Doch „wenn ich jetzt zurückschaue, waren die Rückschläge klein“, hält Johann Schaaser fest. „Ich habe oft aufhören wollen“, gibt er zu, meint dabei aber auch ergänzend, dass „die Baufirma es trotz Lockdown seriös zu Ende gebracht hat“. Ihn als jungen Kurator habe das von ihm lokal gelenkte EU-Projekt dahin gebracht, zu akzeptieren, dass „die Kirche ein langsameres Blut braucht.“

Die „riesengroße Erwartungshaltung“ war im Landeskonsistorium der EKR zu keinem Zeitpunkt von Beginn der ersten Förderperiode an ein Geheimnis, räumt Friedrich Gunesch ein. Und leider wurde es in der zweiten Förderperiode auch nicht eben einfacher, sondern nochmal eine dicke Spur schwieriger, den eigenen Ansprüchen an sich selbst gerecht zu werden. Die Kulmination der Anhäufung von Nachteilen dürfte in Förderperiode Nummer drei eintreffen, weil die Möglichkeit besteht, dass die Gesamtleitung einschlägiger EU-Projekte auch an Stätten wie Kirchenburgen nur noch den jeweils lokalen Rathäusern zugeschlagen werden darf. „Wir hoffen auf einen Mittelweg, wenn die Rechtslage so bleiben sollte“, hält der Hauptanwalt der EKR beruhigend ein, und „wir versuchen aktuell, das Ministerium zu überzeugen, den Modus anzupassen oder zum alten Modus zurückzukehren“. Vor allem im ländlichen Raum sei damit zu rechnen, dass nicht jedes Rathaus für eine finanzielle und verwaltungstechnische Bewältigung von EU-Projekten ausreichend kompetent besetzt ist.

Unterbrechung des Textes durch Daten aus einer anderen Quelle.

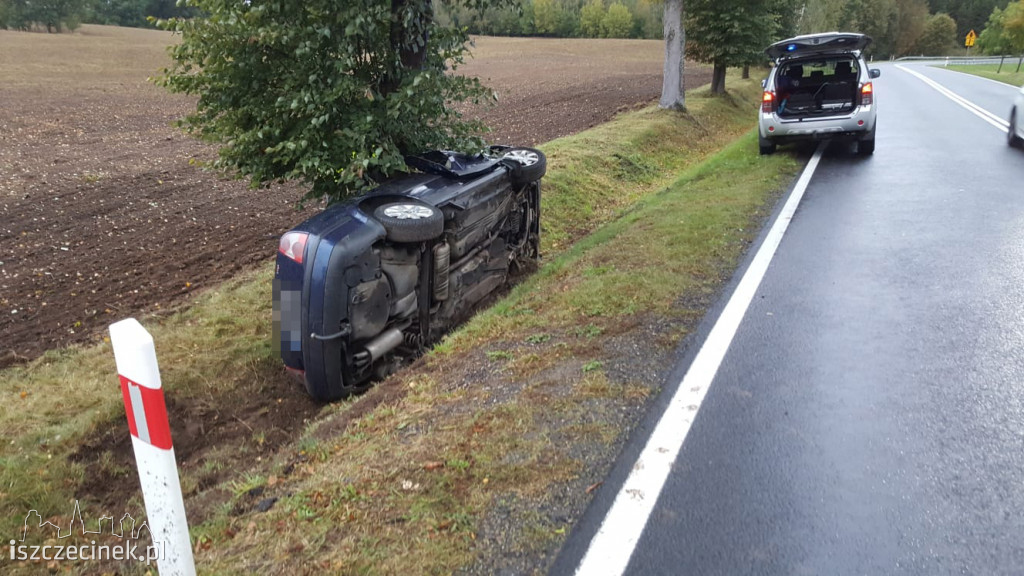 Passat uderzył w drzewo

Vom Kirchenburgen-Gespräch am letzten Februarabend blieb auch die Dachziegel-Frage nicht unbemerkt. „Über denkmalgerechte und alte Ziegeln zu sprechen ist OK, und es zu versuchen auch“, meint Friedrich Gunesch. Letztlich zähle die „Haltbarkeit“ des Resultats, und dass man Hersteller von Ziegeln auch noch „30 Jahre“ danach für Materialschäden einklagen könne. „´War es früher besser?´, hat mein Großvater immer gefragt“, streute Johann Schaaser ohne das Vorwegnehmen einer klaren Antwort in die Runde, alte und neue Techniken an Dach und Mauerwerk in kein bestimmtes Verhältnis zueinander setzend.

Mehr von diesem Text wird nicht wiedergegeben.